Employers should implement the “trust but verify” admonition from the Reagan administration era by giving a three-strikes-you’re-out type of approach to employees who fail to realize the importance of proper cyber hygiene.
The federal government must implement a similar approach when it comes to nation-states and adversaries attacking the U.S. networks, by establishing a declaratory deterrent policy to make adversaries “pay a price,” as the risks are “too great.” And the risks are even greater if the attacks target systemically important critical infrastructure, or SICI, like energy.
“We understand as electricity providers, look, it’s in our DNA, that we are the backbone of the nation’s economy,” said Tom Fanning, CEO of Southern Company. “If those electrons don’t flow, we’re in deep trouble,” he added, noting that the second-largest American utility company gets attacked millions of times every day.
But the U.S. investments have primarily focused on enterprise information technology for threat prevention, which is only part of the solution, said Robert Lee, CEO and founder of Dragos. The nation needs to be investing just as heavily, if not more, in operations technology to detect cyber threats.

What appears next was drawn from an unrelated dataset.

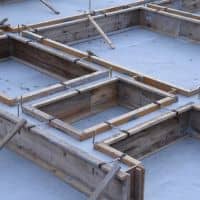 Building foundation formwork showing how stormwater design must be coordinated early with structural construction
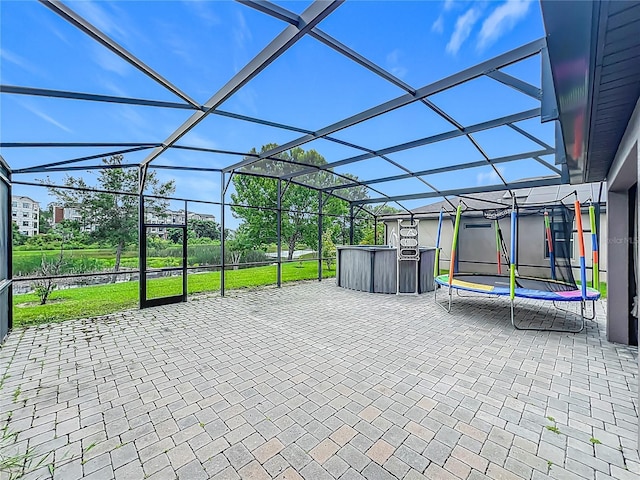 1808 Regal River Cir, Ocoee, FL 34761 - view of patio with a trampoline, glass enclosure, and a jacuzzi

Operations technology is control systems that allow the provision of critical services like water, energy, oil and gas manufacturing, he explained, and this is what “makes critical infrastructure critical.”

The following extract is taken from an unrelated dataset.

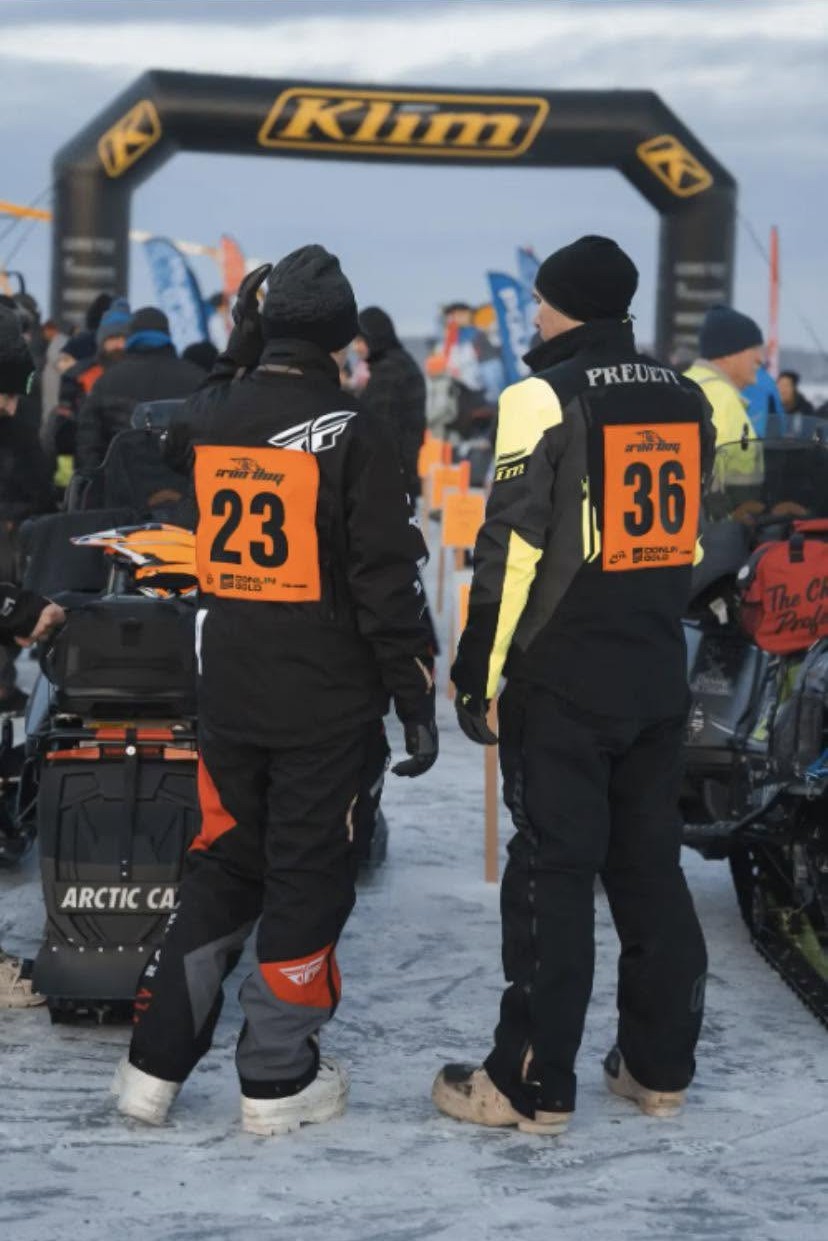 Iron Dog 2025 racers wearing custom bibs 23 and 36 under the Klim start arch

In the Solar Winds attack, he pointed out, the focus was on the enterprise information technology but the virus also compromised their operations technology. The adversary actually “had remote access to gas turbine equipment and software across the world in very critical infrastructure,” he said.
“By the time you see [a cyber threat] bubbling up on the pond, there’s been a lot of activity below the surface to get there,” Lee said. And the threats we are seeing are not “as bad as you want to imagine…but far worse than you realize,” he said as he pointed to a recent cyberattack in February on a water treatment plant in Oldsmar, Florida, “where the adversary actually tried to poison the water system and hurt people.”

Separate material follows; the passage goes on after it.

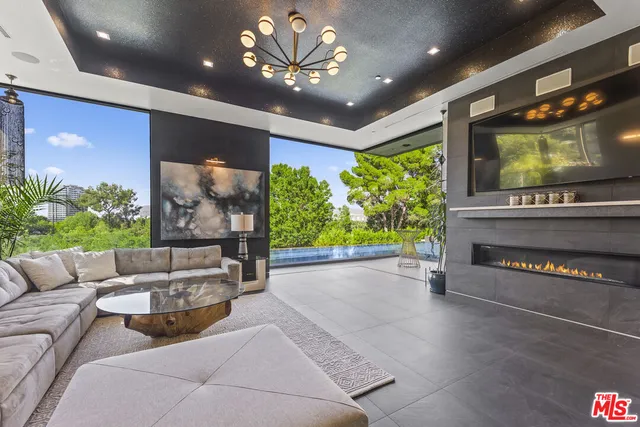 a living room with furniture and a chandelier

Many solutions are prevention-based, he explained, which is good, but systems are becoming more connected through the global digital transformation which has led to better, more efficient services and systems, but also “introduces attack vectors” through this accelerated connectivity.
In the Cyberspace Solarium Commission report, Fanning pointed out, they “chose to use the word collaborate” instead of cooperate.
“We have an obligation to work with [each other] to illuminate this battlefield in a real-time fashion so that we can deal with the threats before [they] manifest themselves as problems on our networks,” Fanning said, and strengthen both the physical and cyber defenses in SICI.
To this means, Fanning pointed to “three legs to the stool.” First, private sector participation “among friends and foes alike” towards cyberspace standards, followed by private sector collaboration with the federal government.
And lastly, Fanning said, arming those who will hold the bad actors accountable “with the tools necessary to defend this nation’s ability to have a safe economy, keep our citizens safe and to protect our ability to see, to listen and to defend ourselves.”